**Data:**

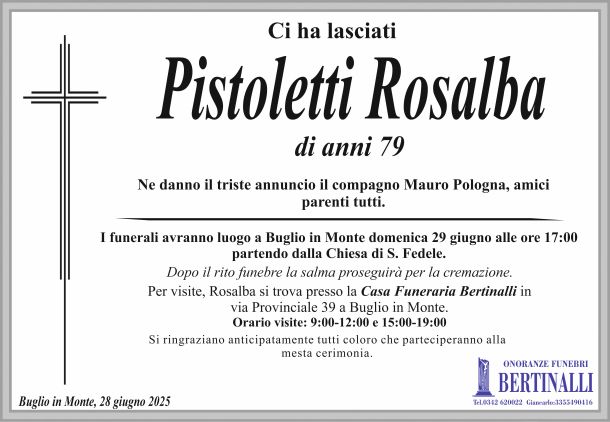 Pistoletti Rosalba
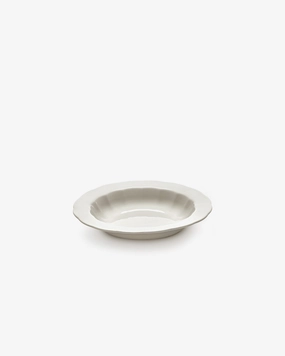 Deep plate S white Silhouette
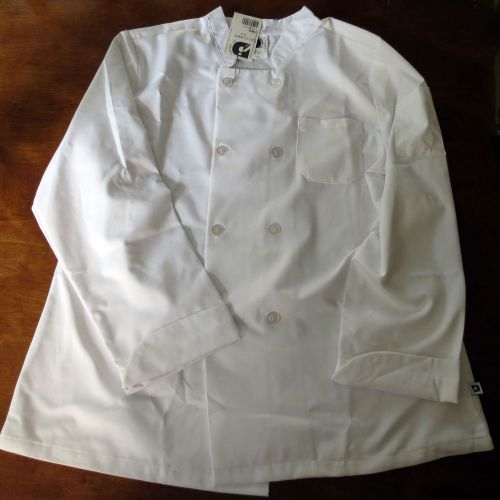 New Landau White Chef Coat - XL - NWT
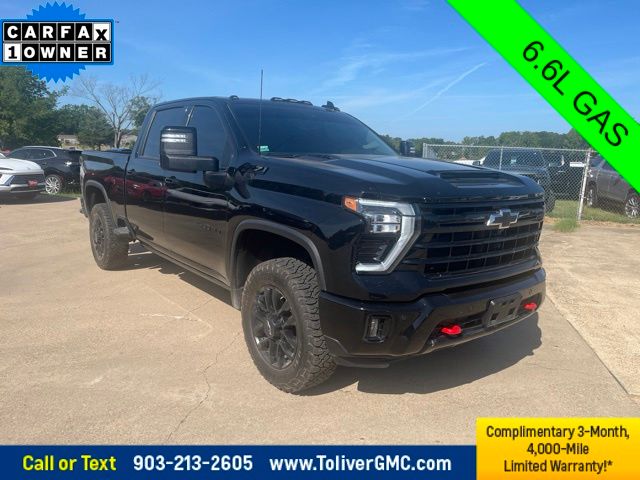 Black 2025 Chevrolet Silverado 2500HD Pickup Truck Four-Wheel Drive Automatic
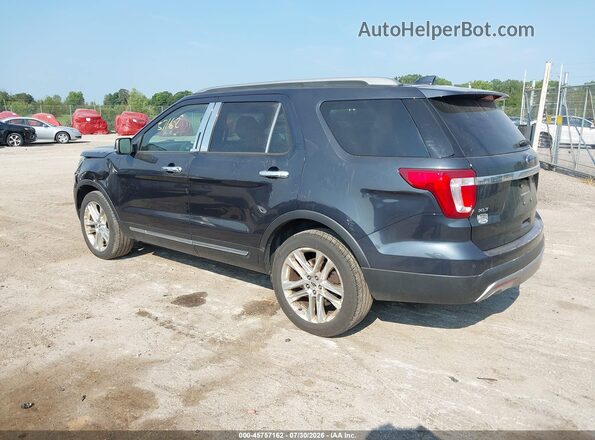 1FM5K8D87HGC47531 2017 FORD EXPLORER Черный Задняя левая четверть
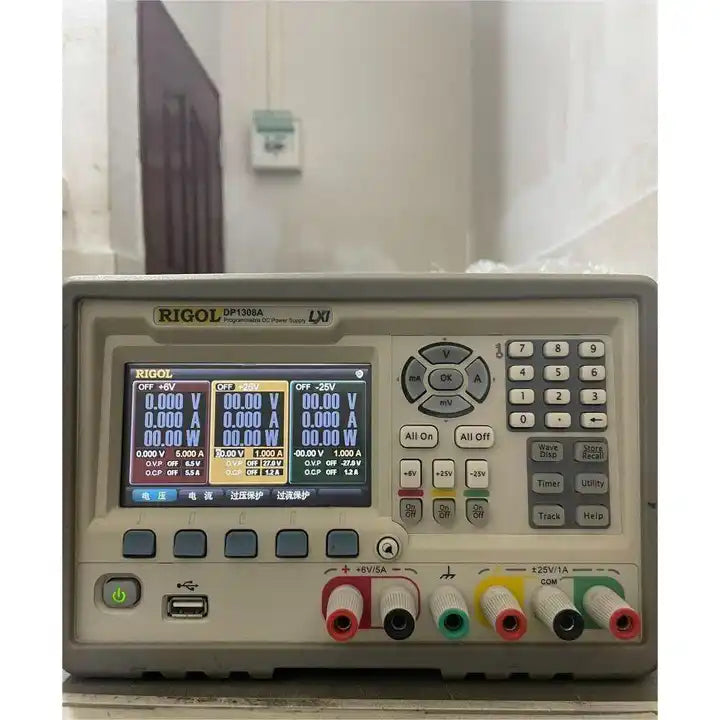 Rigol DP1308A DC Power Supply (2) 25V/1A 6V/5A 80W Triple Output, Programmable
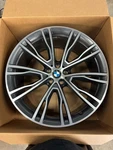 Rear Bmw Machined Grey X4 X3 Factory Wheel 21" 2018-2025 Alloy Rim Oem 86368 Used. Price: $359.00.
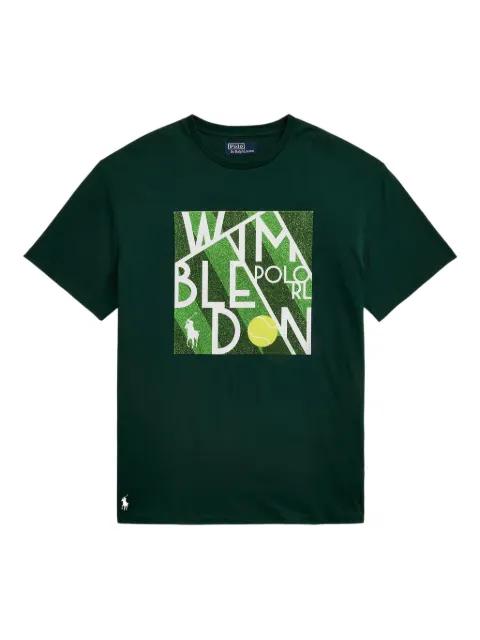 x Wimbeldon graphic-print T-shirt by POLO RALPH LAUREN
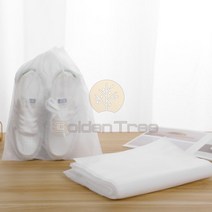 골든트리 부직포 주머니 흰색 대형 32 x 48cm 5개입 파우치 신발커버 주머니, 흰색 중형 (32 x 48cm) 5매입
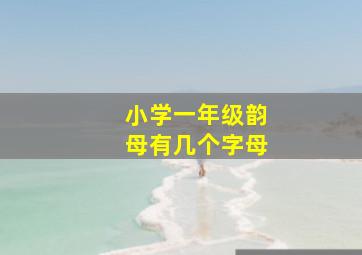 小学一年级韵母有几个字母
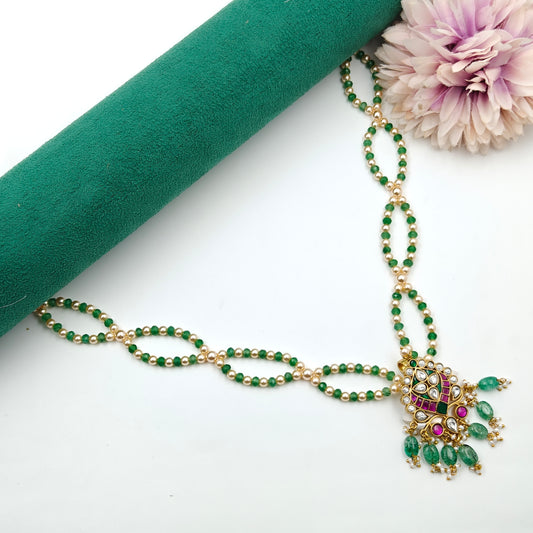 39395 Jadau Kunda 2 lines handmade Mala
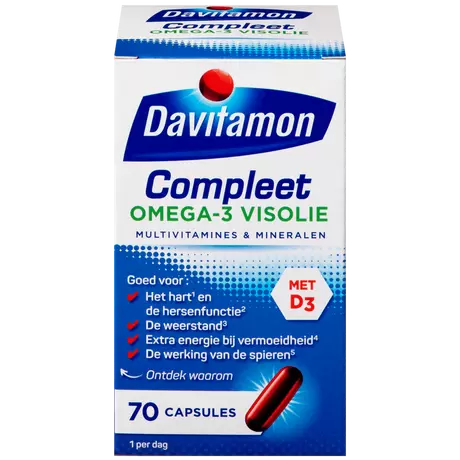 Davitamon Compleet Omega-3 Visolie Capsules 70 stuks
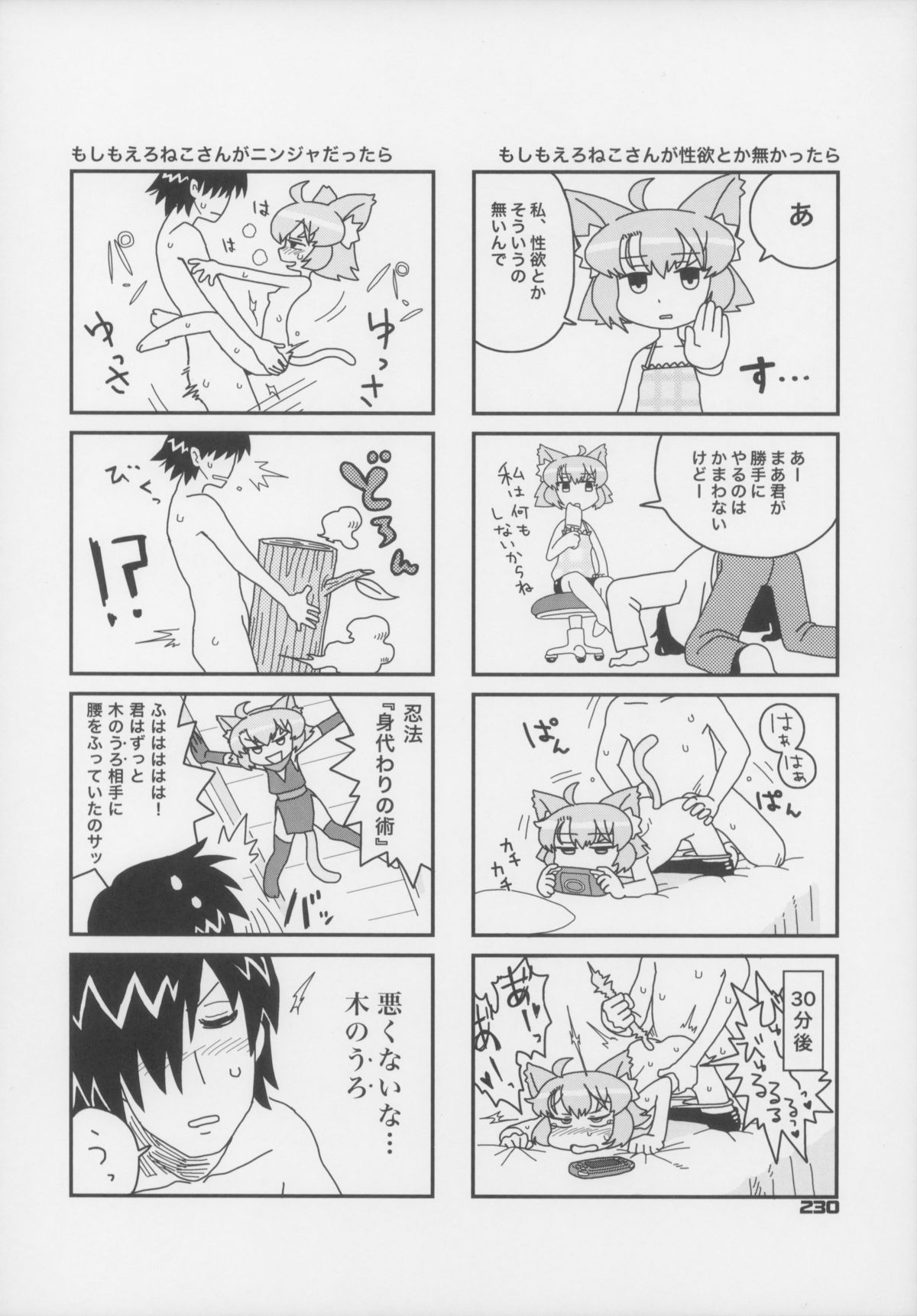 (C83) [ぐるり堂 (よろず)] えろねこさんトリロジー アナルシルバー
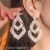 occidental style exaggerating fully-jewelled diamond geometry big earrings woman personality temperament
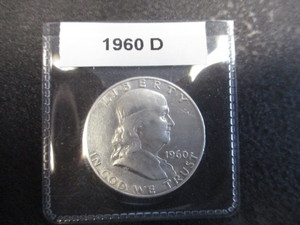 10. 1960-D Franklin Silver Half Dollar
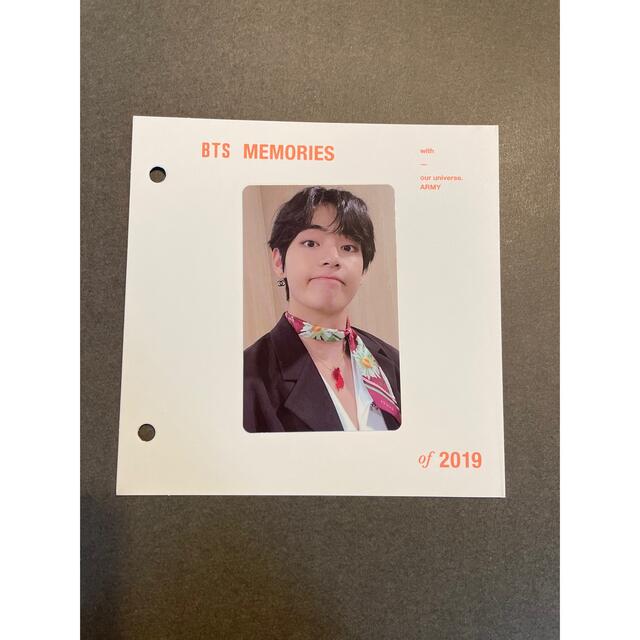 BTS memories 2019 Blu-ray 両面　トレカ　テテ　v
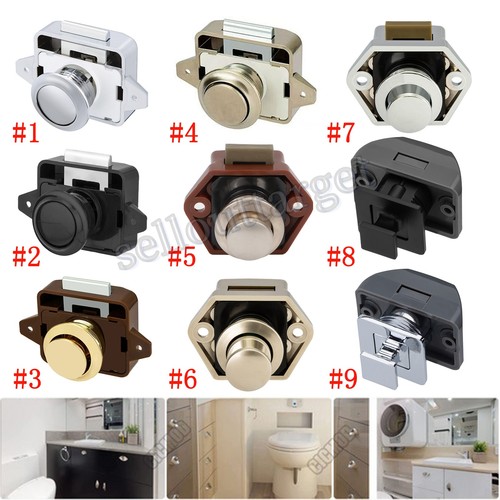 Push button catch lock - push,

**What you have to do:**
Only the lines from the start of the records to the line with "小学一年级韵母有几个字母" belong in the copy. Print them exactly, minus pictures.

**Output:**
 Pistoletti Rosalba
 Deep plate S white Silhouette
 New Landau White Chef Coat - XL - NWT
 Black 2025 Chevrolet Silverado 2500HD Pickup Truck Four-Wheel Drive Automatic
 1FM5K8D87HGC47531 2017 FORD EXPLORER Черный Задняя левая четверть
 Rigol DP1308A DC Power Supply (2) 25V/1A 6V/5A 80W Triple Output, Programmable
 Rear Bmw Machined Grey X4 X3 Factory Wheel 21" 2018-2025 Alloy Rim Oem 86368 Used. Price: $359.00.
 x Wimbeldon graphic-print T-shirt by POLO RALPH LAUREN
 골든트리 부직포 주머니 흰색 대형 32 x 48cm 5개입 파우치 신발커버 주머니, 흰색 중형 (32 x 48cm) 5매입
 小学一年级韵母有几个字母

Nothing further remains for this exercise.